───── DATASET RECORDS

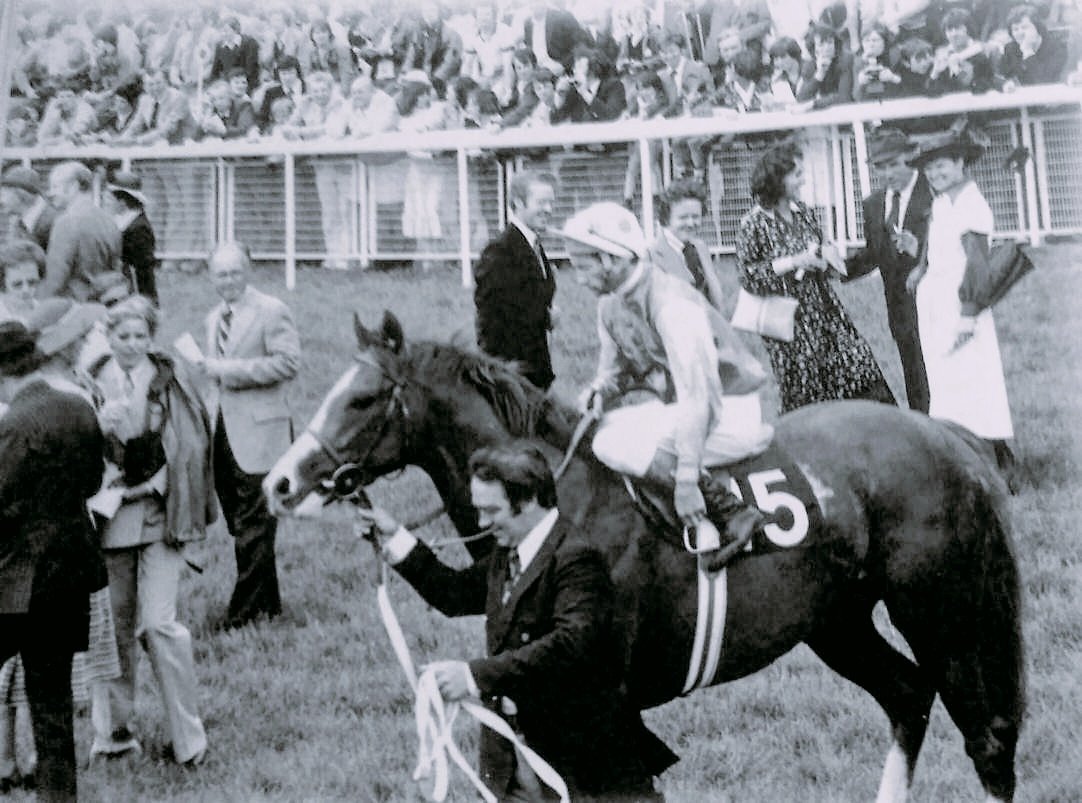 The Minstrel (Lester) is pictured just prior to his length-and-a-half defeat of Lucky Sovereign in the 1977 Irish Derby.
An objection by Frankie Durr on the runner-up for "taking my ground inside the final furlong" was overruled.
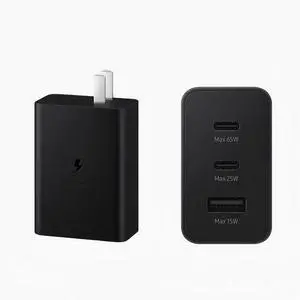 65W three-port acceleration charger for Samsung mobile S22S21 special fast charging cable Note20 Ultra support PD original Super Fast Charge 2.0 dual type-c usb plug authentic
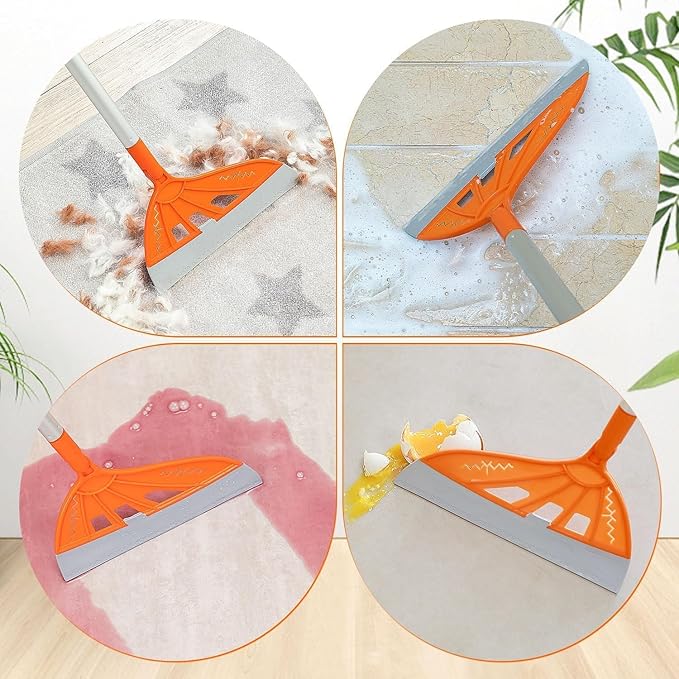 Magic Air Silicone Broom Sweeper, Multifunction Silicone Broom, Household Squeegee for Floor Cleaning, Bathroom, pet Hair, Dog Brush Set Orange
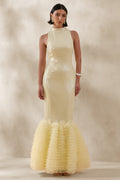 Teila | Lemon Sequin High-Neck Fishtail Maxi Dress
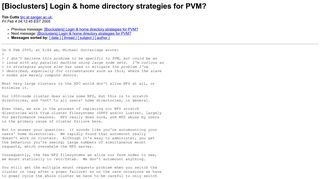
                            12. [Bioclusters] Login & home directory strategies for PVM ...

──────────

### DESCRIPTION OF THE TASK
Give the records again without a single change, and exclude the pictures.

### RESPONSE TO THIS EXERCISE
 The Minstrel (Lester) is pictured just prior to his length-and-a-half defeat of Lucky Sovereign in the 1977 Irish Derby.
An objection by Frankie Durr on the runner-up for "taking my ground inside the final furlong" was overruled.
 65W three-port acceleration charger for Samsung mobile S22S21 special fast charging cable Note20 Ultra support PD original Super Fast Charge 2.0 dual type-c usb plug authentic
 Magic Air Silicone Broom Sweeper, Multifunction Silicone Broom, Household Squeegee for Floor Cleaning, Bathroom, pet Hair, Dog Brush Set Orange
 Teila | Lemon Sequin High-Neck Fishtail Maxi Dress
                            12. [Bioclusters] Login & home directory strategies for PVM ...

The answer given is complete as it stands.